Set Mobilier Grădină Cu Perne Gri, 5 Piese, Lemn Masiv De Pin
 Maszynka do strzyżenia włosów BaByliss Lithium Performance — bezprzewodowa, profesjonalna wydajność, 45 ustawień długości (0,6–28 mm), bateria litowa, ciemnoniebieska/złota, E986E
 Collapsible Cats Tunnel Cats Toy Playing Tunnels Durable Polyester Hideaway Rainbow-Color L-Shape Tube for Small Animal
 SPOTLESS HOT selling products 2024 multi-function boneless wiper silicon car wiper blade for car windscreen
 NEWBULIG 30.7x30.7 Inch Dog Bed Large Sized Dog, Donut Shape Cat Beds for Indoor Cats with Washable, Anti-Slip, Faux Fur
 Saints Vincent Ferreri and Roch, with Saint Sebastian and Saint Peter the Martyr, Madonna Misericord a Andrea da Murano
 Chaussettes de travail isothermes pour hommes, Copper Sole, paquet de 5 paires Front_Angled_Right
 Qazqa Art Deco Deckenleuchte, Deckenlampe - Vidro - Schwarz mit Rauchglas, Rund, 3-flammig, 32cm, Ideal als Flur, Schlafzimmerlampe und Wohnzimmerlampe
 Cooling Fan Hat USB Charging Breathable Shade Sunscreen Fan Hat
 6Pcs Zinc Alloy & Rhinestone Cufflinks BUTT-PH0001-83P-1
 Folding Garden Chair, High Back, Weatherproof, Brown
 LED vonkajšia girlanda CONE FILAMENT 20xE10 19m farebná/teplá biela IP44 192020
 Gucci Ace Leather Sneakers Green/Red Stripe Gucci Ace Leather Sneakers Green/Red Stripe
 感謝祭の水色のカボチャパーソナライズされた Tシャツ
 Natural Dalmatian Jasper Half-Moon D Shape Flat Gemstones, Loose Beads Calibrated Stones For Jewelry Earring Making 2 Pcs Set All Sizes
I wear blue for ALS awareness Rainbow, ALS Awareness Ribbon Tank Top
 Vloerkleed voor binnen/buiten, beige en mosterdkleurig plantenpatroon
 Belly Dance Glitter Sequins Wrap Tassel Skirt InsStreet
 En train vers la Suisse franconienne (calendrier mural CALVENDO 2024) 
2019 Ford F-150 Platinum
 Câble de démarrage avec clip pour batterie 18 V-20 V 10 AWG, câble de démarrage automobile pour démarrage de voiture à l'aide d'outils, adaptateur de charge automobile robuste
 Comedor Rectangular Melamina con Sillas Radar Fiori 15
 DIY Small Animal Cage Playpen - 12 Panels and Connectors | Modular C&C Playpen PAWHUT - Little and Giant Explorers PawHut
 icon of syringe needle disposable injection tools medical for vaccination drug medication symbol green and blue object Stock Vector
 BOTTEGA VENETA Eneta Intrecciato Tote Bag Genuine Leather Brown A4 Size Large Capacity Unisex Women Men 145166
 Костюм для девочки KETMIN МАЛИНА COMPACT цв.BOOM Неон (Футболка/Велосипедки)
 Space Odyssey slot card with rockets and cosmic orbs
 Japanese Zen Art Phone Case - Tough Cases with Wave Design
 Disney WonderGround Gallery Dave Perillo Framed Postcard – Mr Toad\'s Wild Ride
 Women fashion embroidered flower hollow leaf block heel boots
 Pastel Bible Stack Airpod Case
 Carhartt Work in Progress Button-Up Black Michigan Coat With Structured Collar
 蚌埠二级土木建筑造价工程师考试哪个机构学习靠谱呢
★ ★ ★ ★
What is needed is an exact copy of the lines from the start of the listing through the line where "NEWBULIG 30.7x30.7 Inch" sits, please, both end lines included and nothing more.

### Answer to this problem
Set Mobilier Grădină Cu Perne Gri, 5 Piese, Lemn Masiv De Pin
 Maszynka do strzyżenia włosów BaByliss Lithium Performance — bezprzewodowa, profesjonalna wydajność, 45 ustawień długości (0,6–28 mm), bateria litowa, ciemnoniebieska/złota, E986E
 Collapsible Cats Tunnel Cats Toy Playing Tunnels Durable Polyester Hideaway Rainbow-Color L-Shape Tube for Small Animal
 SPOTLESS HOT selling products 2024 multi-function boneless wiper silicon car wiper blade for car windscreen
 NEWBULIG 30.7x30.7 Inch Dog Bed Large Sized Dog, Donut Shape Cat Beds for Indoor Cats with Washable, Anti-Slip, Faux Fur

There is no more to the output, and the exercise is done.